O livro Cidade de Curitibas não poderia ter título melhor, pois é exatamente sobre isso que se trata: as várias faces desta cidade. Os poemas são viagens pelas muitas curitibas. Tem uma Curitiba “que é tua, outra que é minha’, “uma que bate panela e no shopping definha, outra que debate filosofia e na militância se alinha”. Há ainda a que “escancara” e “outra que esconjura”.
“CURITIBAS MESMO SÃO MUITAS,
EU POUCO”.
Encontro nesse livro um poeta que se aventura em andanças pela cidade e a observa.
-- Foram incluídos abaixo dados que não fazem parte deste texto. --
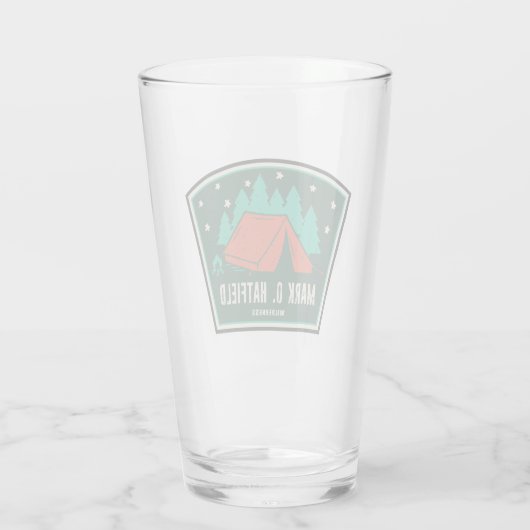 Activiteiten in de omgeving van Mark O. Hatfield W Glas (Achterkant)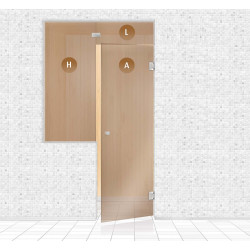 Bastuglasvägg, AD TYPE 4 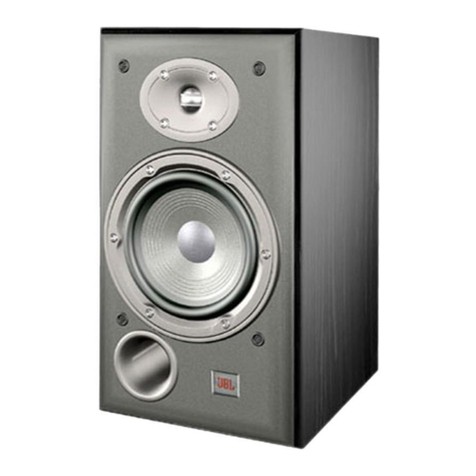 JBL NORTHRIDGE E30 Tehnical manual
Observa a velha no Passeio Público, as estações tubos, o andarilho nas ruas do Bigorrilho, os vizinhos de prosa, a moça com seu sapatinho de salto, os costumes dos curitibanos que se dizem frios, mas na verdade acabam mornos e claro, o inconfundível carro do sonho “olha aí freguesia é o carro do sonho que está passando...”.
Sendo estes poemas caminhadas pelas curitibas adentro, uma hora ou outra, sabia que encontraria a Curitiba de Leminski e a de Trevisan. Tanto um quanto o outro são personagens e ao mesmo tempo o próprio estilo de composição de alguns poemas.
“CURITIBA
TEU VAMPIRO LITERATO
ASSUSTA MENOS
QUE TEUS JOVENS ILETRADOS”.
Olhar para essas curitibas é olhar para cidade sorriso, “cidade linda e amorosa” e enxergar a friaca da desigualdade embaixo das marquises e entre as portas das vielas. É também olhar para a seriedade do curitibano e perceber a pluralidade ignorada. De Angelis consegue retratar muito bem isso em seus poemas.
O poeta que deixou essas curitibas, foi aquele que nas palavras de Leminski, se chama “necessidade orgânica da sociedade”. Essa poética urbana de Marcelo de Angelis, escancara a multifacetada cidade construída por pessoas, e pessoas constituídas pela cidade. Também mostra as contradições daquilo que é urbano, os perigos de se conhecer uma história única da cidade.
É uma pena não poder saber o que estaríamos lendo desse artista, se ainda estivesse por aqui. No entanto, por essas observações e outras ainda não feitas, recomendo fortemente a leitura de Cidade de Curitibas, do saudoso poeta urbano.
LIVRO
Cidade de Curitibas, Marcelo de Angelis. Kotter Editorial, 2019. 96 p.